Pengendalian fisik/mekanik dapat berupa : melakukan gropyokan yakni dengan menggali dan membakar lubang tikus. Menggunakan bubu pada persemaian yang telah dipagari plastik. Kegiatan gropyokan dilaksanakan pada fase bera, pengolahan tanah dan fase generatif, menggunakan bubu yang dikombinasikan dengan umpan gabah berkecambah dari stadia persemaian – 30 HST. Pengunaan bambu panjang 2 m yang diletakkan dipinggir pematang dari mulai primordia - panen untuk menjebak tikus, penggunaan komponen perangkap bubu yang terdiri atas perangkap multiple capture trap, pagar plastik dan tanaman perangkap, dan dipasang dalam periode yang agak lama di lapangan, penggunaan tanaman perangkap (IR64) yang ditanam lebih awal 15-21 hari dari pertanaman yang ada disekelilingnya, penggunaan perangkap sejuta bambu dengan spesipikasi panjang 2 m dan 1,5 m dengan diameter 10-12 cm, pada setiap ruasnya dibuat lubang yang akan digunakan tikus sebagai tempat bersembunyi dan istirahat, pengunaan letupan mercon yang diletakkan pada lubang aktif.

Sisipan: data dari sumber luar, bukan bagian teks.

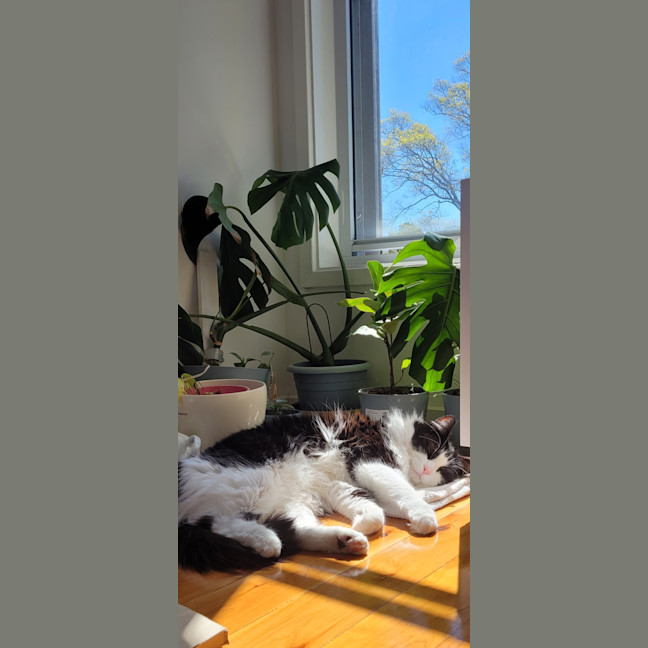 Photo of Yoko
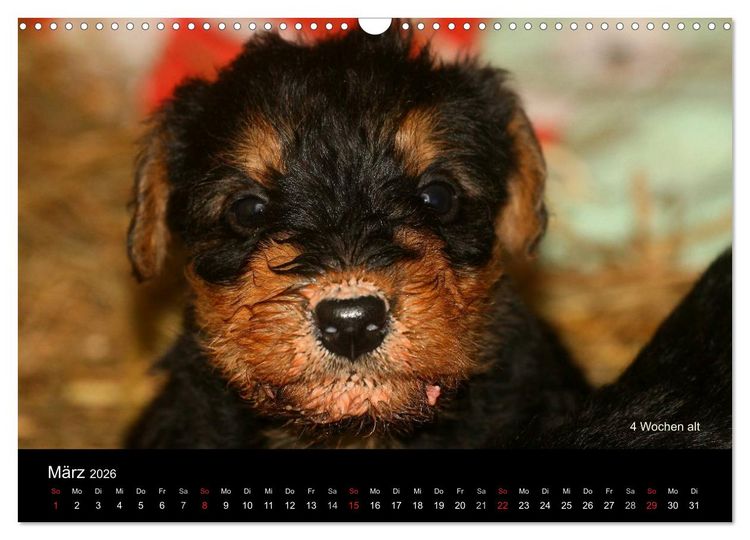 Produktbild: Airedale Terrier Welpen (Wandkalender 2026 DIN A3 quer), CALVENDO Monatskalender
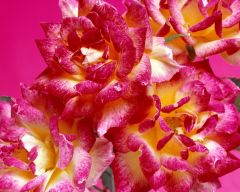 Tapeta Nature Flowers 265.jpg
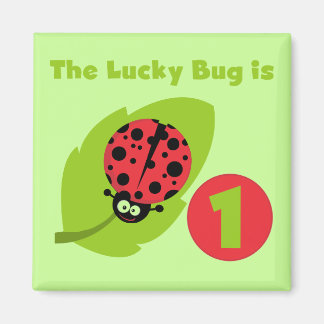 Lucky Bug 1st Birthday T-shirts and Gifts Magnet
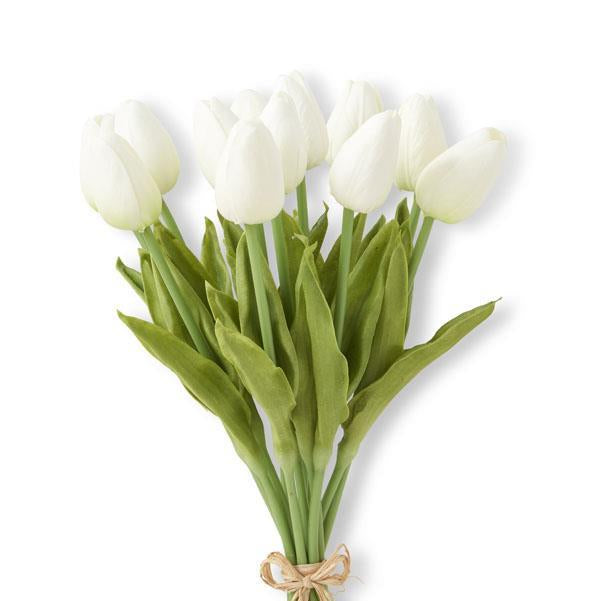Bouquet of white tulips tied with a string on a white background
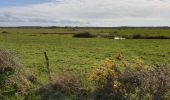 Randonnée Marche Chauvé - La Michelais des Marais - Photo 1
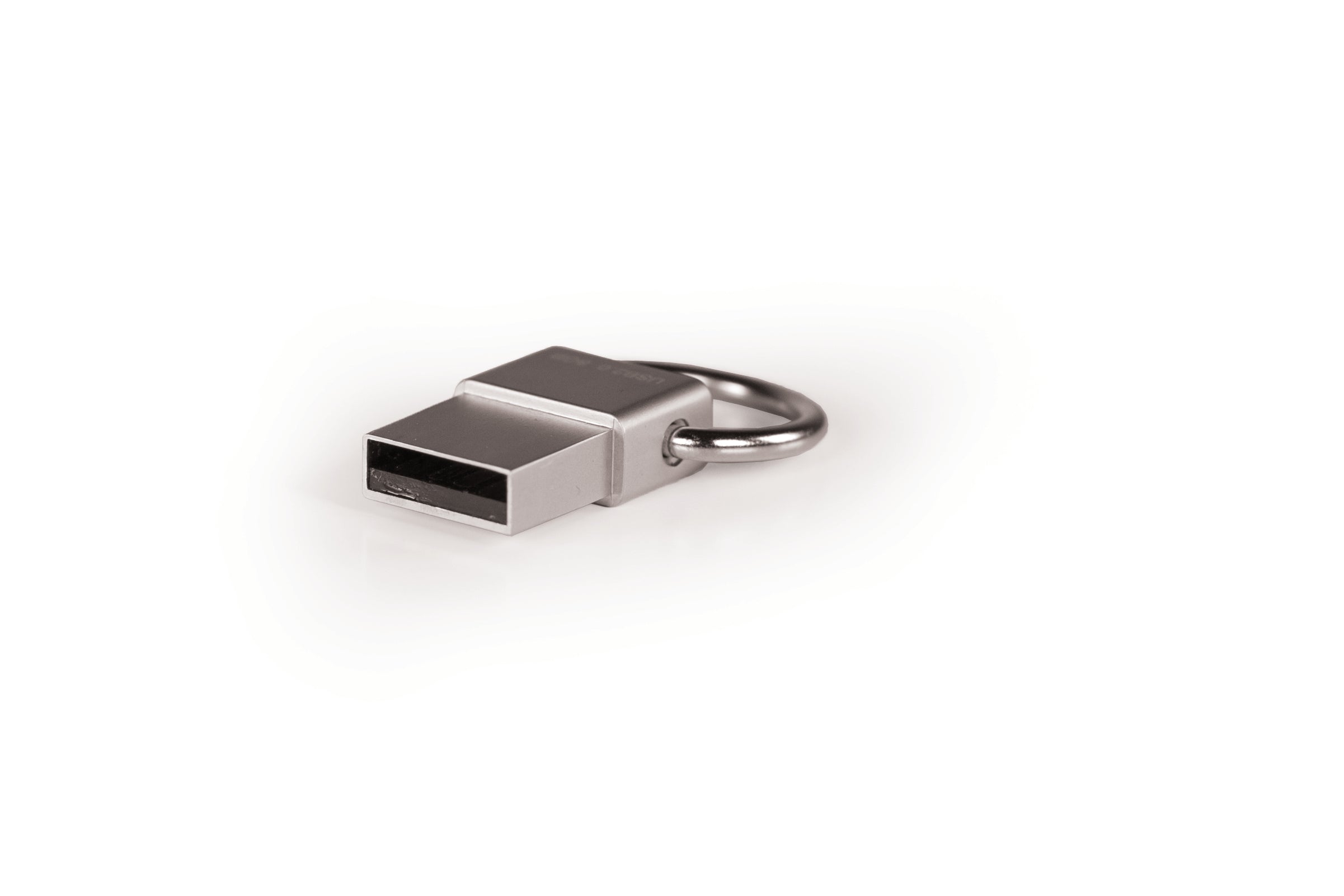 Garmin 16 GB micro USB plug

Pengendalian biologis dapat berupa : pengendalian populasi tikus secara biologis yaitu dengan penggunaan predator dan parasit. Predator tikus antara lain anjing, musang, burung hantu, burung elang dan ular. Penggunaan parasit (virus, bakteri, protozoa), sebagai contoh penggunaan Salmonella enteriditis, penggunaan predator anjing yang dilatih sejak umur 2 bulan dan dipandu oleh satu atau dua orang.  Sedangkan pengendalian kimiawi dapat berupa : penggunaan fumigasi (emposan), yaitu pembakaran belerang dengan jerami akan menghasilkan senyawa SO2 dan Co yang toxic terhadap tikus. Sebaliknya fumigasi dilakukan saat pengolahan tanah dan fase anakan. Tindakan emposan sebaiknya dilaksana-kan pada fase bera dan fase generatif, penggunaan umpan beracun (rodentisida), baik dari jenis akut maupun yang kronis (Tabel 1). Penggunaan umpan beracun sebaiknya dilaksanakan pada fase bera dan fase generatif, penggunaan brodifacum, yakni antikoagulan yang dapat membunuh 100% dengan satu kali pemberian, penggunaan umpan dengan komposisi beras 15%, ubi kayu 25%, telur 10%, ubu jalar 3%, kepiting 15%, kelapa 12%. Disamping cara tersebut di atas, pengendalian kimiawi dapat menggunakan rodentisida, baik yang sifat akut maupun anti koagulan.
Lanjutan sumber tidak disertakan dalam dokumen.